Return all of the data exactly, omitting any images.

◆ Collected material ◆
+===+
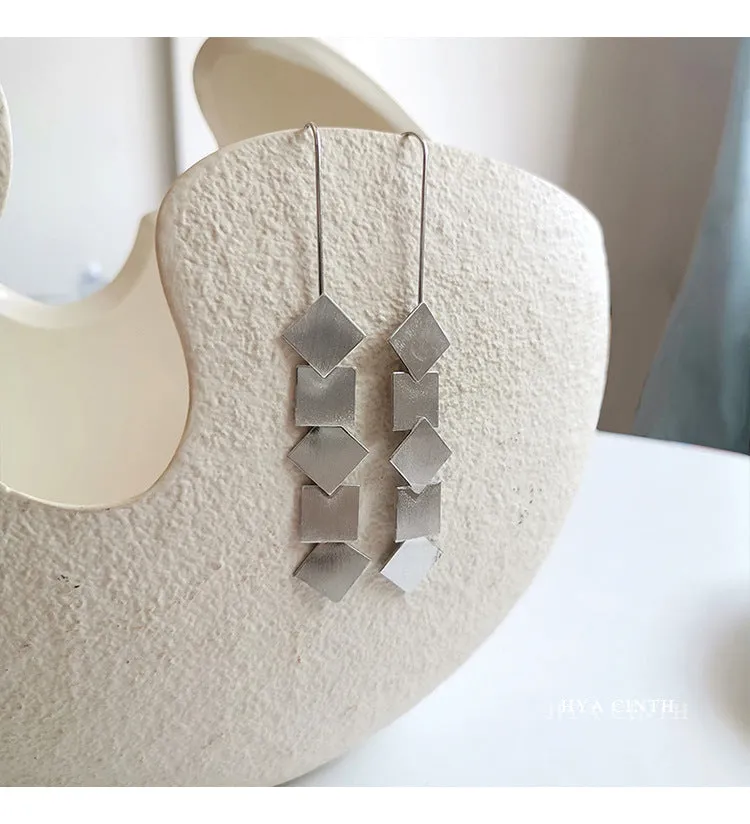 Korean Style Geometric Pierce Gold Plated Drop Earrings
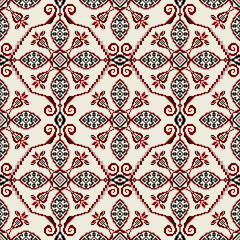 Seamless pattern of pixel art design of abstract flower in curve polygon frame on ivory background for textile, tile, carpet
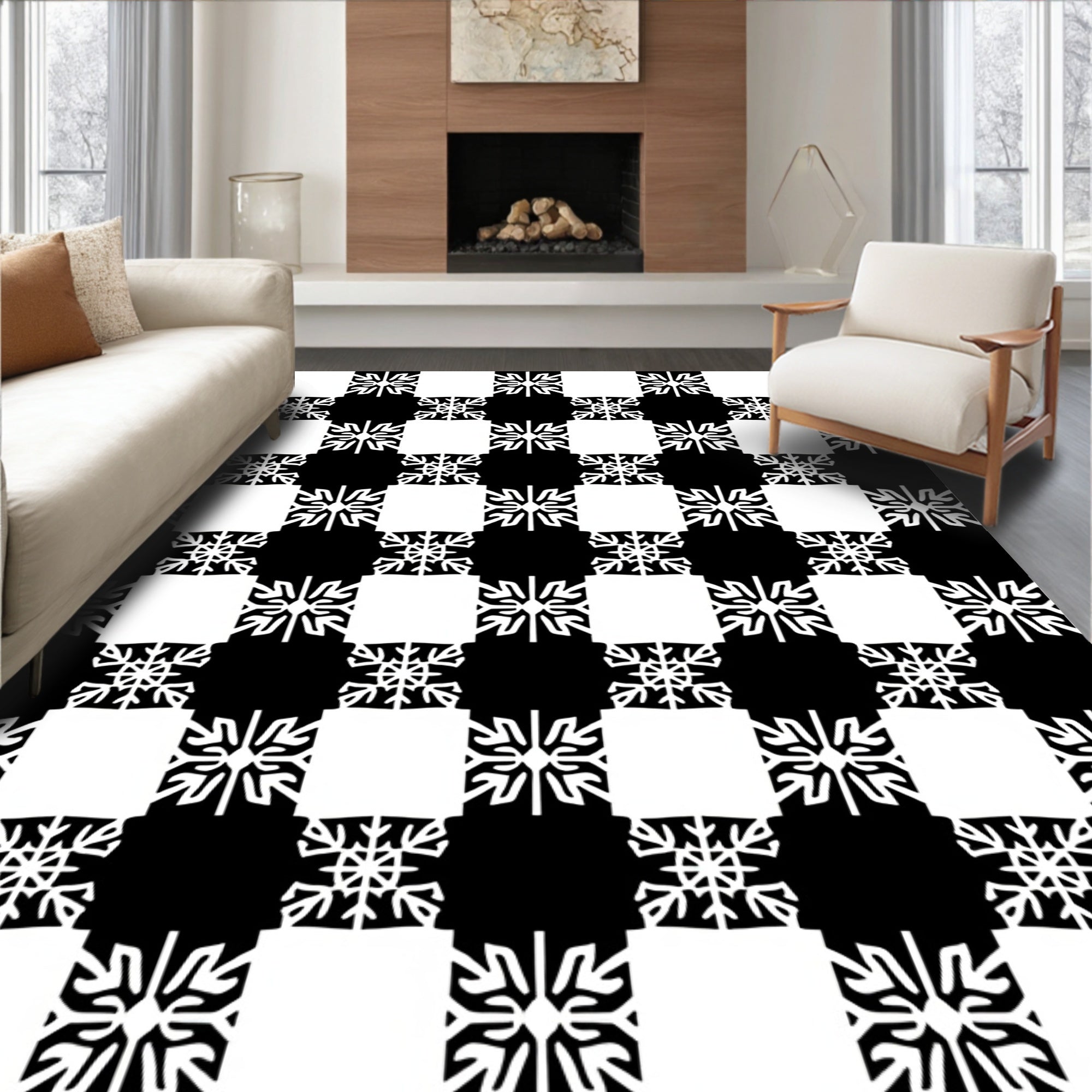 Bold Black White Geometric Snowflake Rug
+===+
◆ Task output ◆
 Korean Style Geometric Pierce Gold Plated Drop Earrings
 Seamless pattern of pixel art design of abstract flower in curve polygon frame on ivory background for textile, tile, carpet
 Bold Black White Geometric Snowflake Rug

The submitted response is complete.